Per capire meglio da dentro come girano le logiche sportive, abbiamo raggiunto Cristiano Carriero, giornalista che si occupa di calcio e di cultura del lavoro in quel campo. Campo, parola non a caso.
“La richiesta dei ristori è una richiesta che chiaramente va nella direzione di quello che le aziende stanno facendo in generale in Italia a causa della pandemia: è ovvio che le società di serie A e di serie B sono aziende a tutti gli effetti e sono aziende con dei monti stipendi molto, molto alti, soprattutto in serie A. Anzi, meglio: in serie A ci sono dei monti stipendi altissimi per le squadre di prima fascia – Juventus, Inter e Milan ma soprattutto Juventus e Inter sono due squadre che negli anni hanno investito male e quindi hanno creato in ogni caso dei monti ingaggi molto pesanti (su tutti, il caso di Cristiano Ronaldo ma anche quello di Dybala che arriva a chiedere dieci milioni l’anno, una cifra assolutamente non adeguata a quello che è il momento del calcio italiano). Dall’altra parte c’è un un movimento di squadre europee che possono continuare a permettersi di offrire quelle cifre: la prima è senz’altro il Bayern Monaco ma anche le squadre della Premier League inglesi. Ovvio che se vuoi rimanere competitivo e vuoi tenere i migliori giocatori ci sono solo due strade: la prima è continuare a dare quegli stipendi, la seconda è investire sulle idee, sul calcio giocato in una certa maniera e questa è la strada che per esempio sta prendendo l’Inter che ha rinunciato a giocatori importantissimi l’estate scorsa però ha provato a dare una nuova identità”, commenta Carriero.

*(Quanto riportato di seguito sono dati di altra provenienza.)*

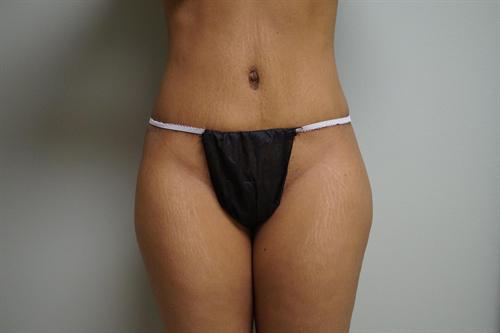 TUMMY TUCK CASE 338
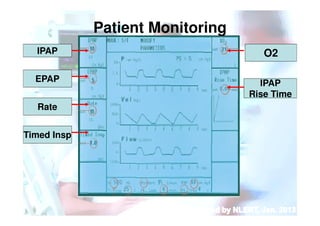 BiPAP_many.pdf
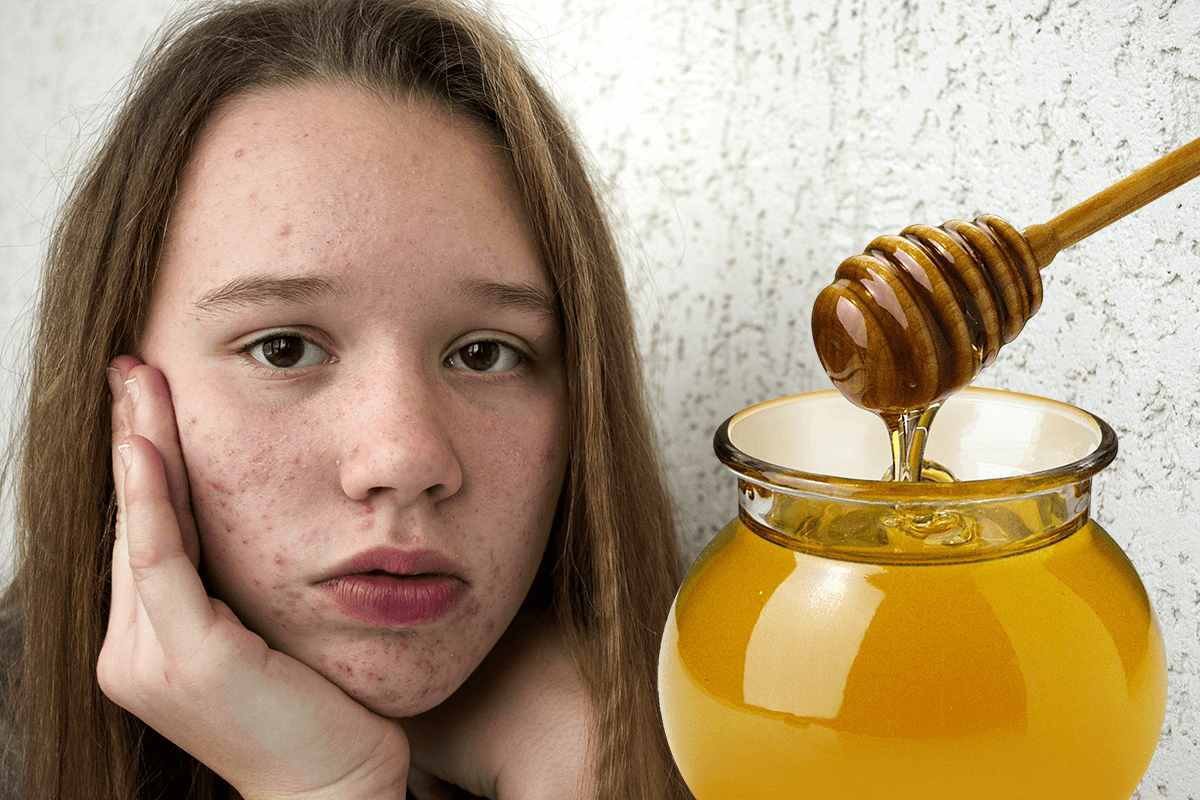 Honig Gegen Pickel Ein Biologe Klart Auf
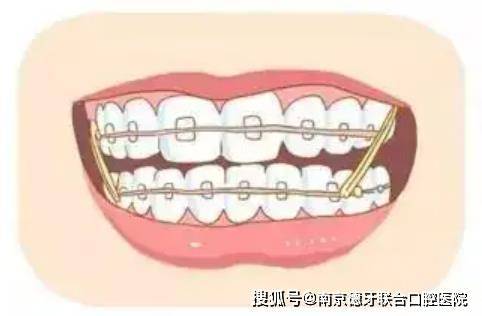 成都生殖助孕机构（【排名公开】南京牙齿矫正医院十大排名_南京牙齿矫正价格）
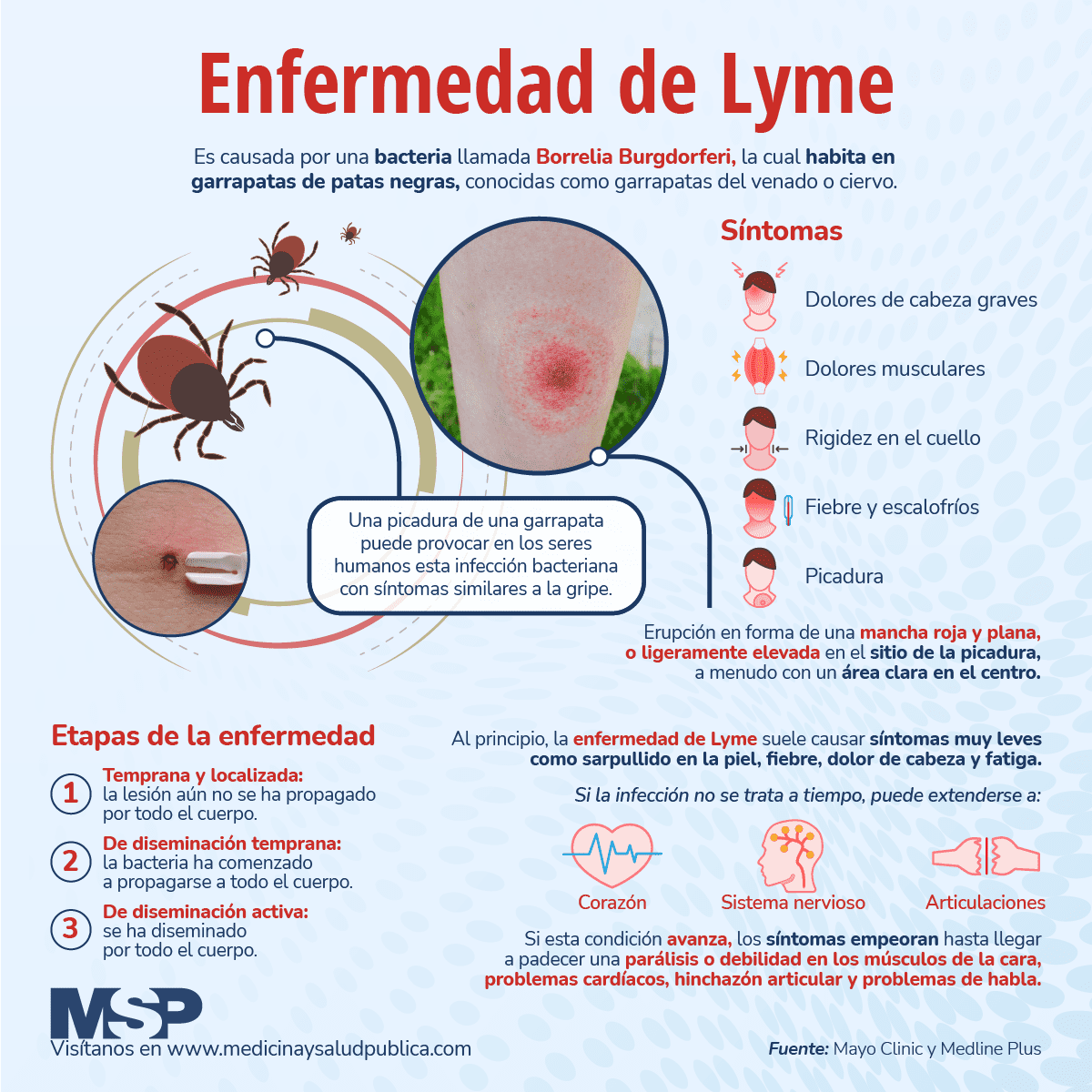 Enfermedad De Lyme Infografía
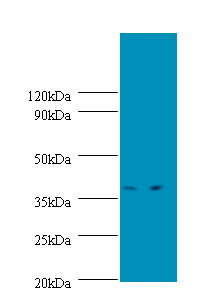 SUPT3H Polyclonal Antibody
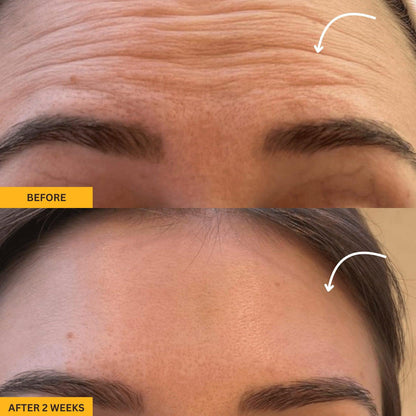 Lymphatic Face Sculpting Brush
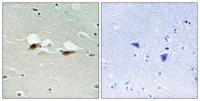 ATF-2 (phospho Ser472) Polyclonal Antibody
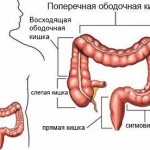 Durerea în colonul sigmoid ca manifestare a sigmoiditei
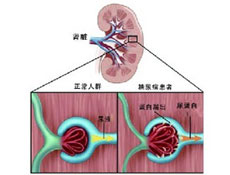 臨床表現(xiàn)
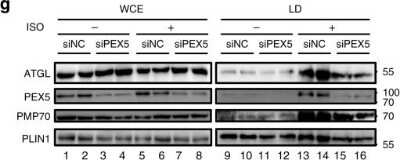 <b>Genetic Strategies Validation. </b>Knockdown Validated: PEX5 Antibody [NBP2-38443] - PEX5 escorts ATGL to LD to mediate fasting-induced lipolysis. Western blot of whole cell extracts (WCE) or LD fractionation from adipocytes transfected with siNC or siPEX5. 30 ug of protein from WCE; 20 ug of protein from LD fraction. Image collected and cropped by CiteAb from the following publication (//www.nature.com/articles/s41467-019-14176-0), licensed under a CC-BY license.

“Detto questo, chiaramente le società stanno perdendo pubblico perché le restrizioni e le norme che conosciamo bene – non ultima, la recentissima regola che ci ha riportati ai cinquemila spettatori massimi di capienza per ogni stadio – di fatto hanno svuotato gli stadi, San Siro ospita più di ottantamila persone e l’Inter ogni anno fa ottantamila abbonati, la Juventus ne fa meno perché lo stadio è più piccolo e perché ha una diversa politica e strategia pur puntando tantissimo sul proprio piano di abbonamenti: senza stare ad analizzare la morale del giusto o sbagliato, le società sono state penalizzate come ogni altra industria e questo vale per le grandi come per le piccole, ma vale soprattutto per le squadre di serie B che non hanno gli incassi televisivi delle altre e che da sempre puntavano sul fattore pubblico quindi abbonamenti e biglietti. Da questo punto di vista, e ripeto strettamente da questo punto di vista, è innegabile che la richiesta dei ristori sia legittima: certo ci sono stati settori della cultura, dello spettacolo e dell’intrattenimento che sono stati meno agevolati; il calcio è ripartito l’anno scorso senza pubblico ma comunque è ripartito. I concerti non sono ripartiti così come il cinema, già penalizzato dalla presenza di Netflix e Prime, ha risentito fortemente della crisi. Il calcio è una delle prime industrie italiane ed è per questo che è stato molto sostenuto, oltre che essere una delle passioni più importanti di tutti gli italiani. Credo che le società si trovino non tanto a esprimere un capriccio, perché la richiesta di ristoro può in effetti sembrare assurda, quanto la volontà di voler comunque continuare a competere con quelle che sono le società europee, soprattutto le inglesi e la tedesca per esser chiari. Altro discorso per la Spagna che ha problemi molto simili ai nostri e gioca sul nostro stesso piano di difficoltà”.